▶ Your objective:
For the material below, the expected output is exactly the lines between the line holding "Tanah Kering Siap" and the line holding "Sound Bath &", inclusive, with pictures left out.

▶ Data:
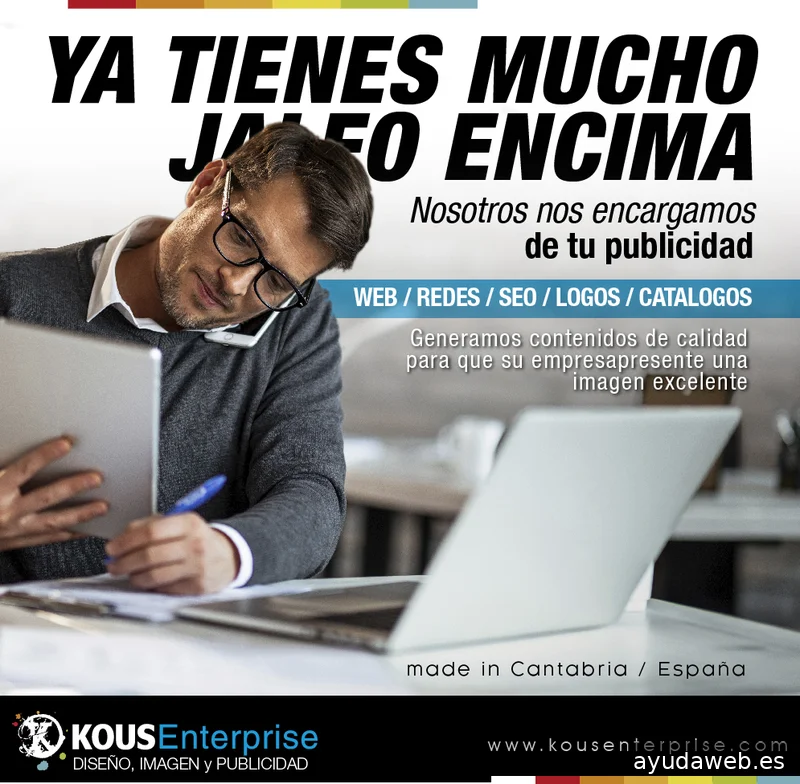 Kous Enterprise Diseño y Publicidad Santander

==

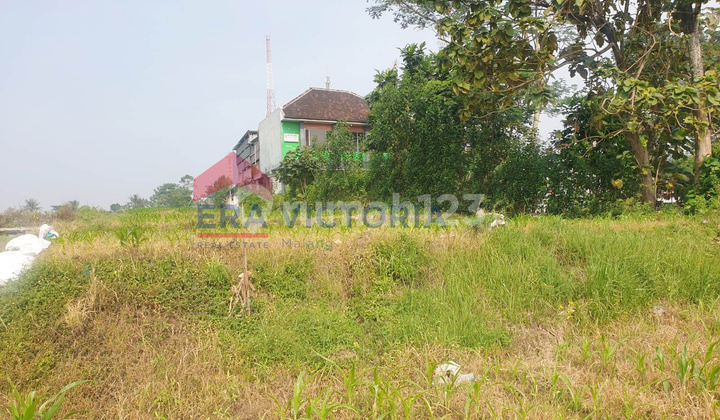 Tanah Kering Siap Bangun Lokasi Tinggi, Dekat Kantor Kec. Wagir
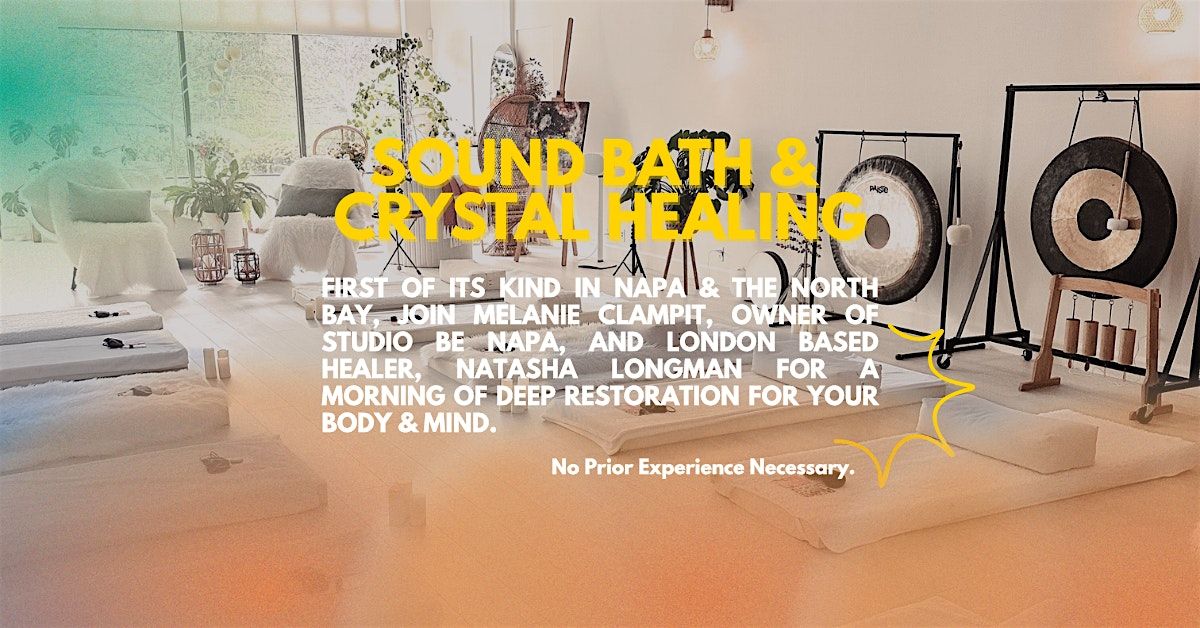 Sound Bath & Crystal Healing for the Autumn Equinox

---

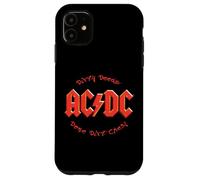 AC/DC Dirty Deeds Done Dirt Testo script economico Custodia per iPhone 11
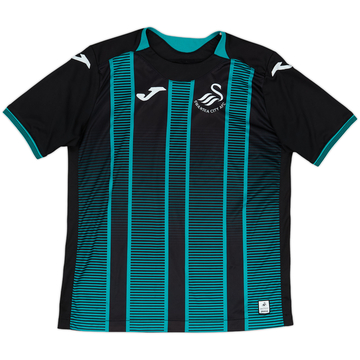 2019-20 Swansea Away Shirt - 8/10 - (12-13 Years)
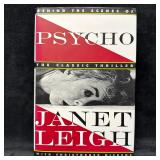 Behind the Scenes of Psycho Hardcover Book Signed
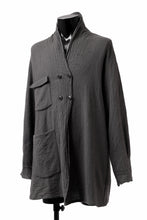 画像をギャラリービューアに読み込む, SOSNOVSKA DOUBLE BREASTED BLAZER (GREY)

▶ Answer area:
 Tanah Kering Siap Bangun Lokasi Tinggi, Dekat Kantor Kec. Wagir
 Sound Bath & Crystal Healing for the Autumn Equinox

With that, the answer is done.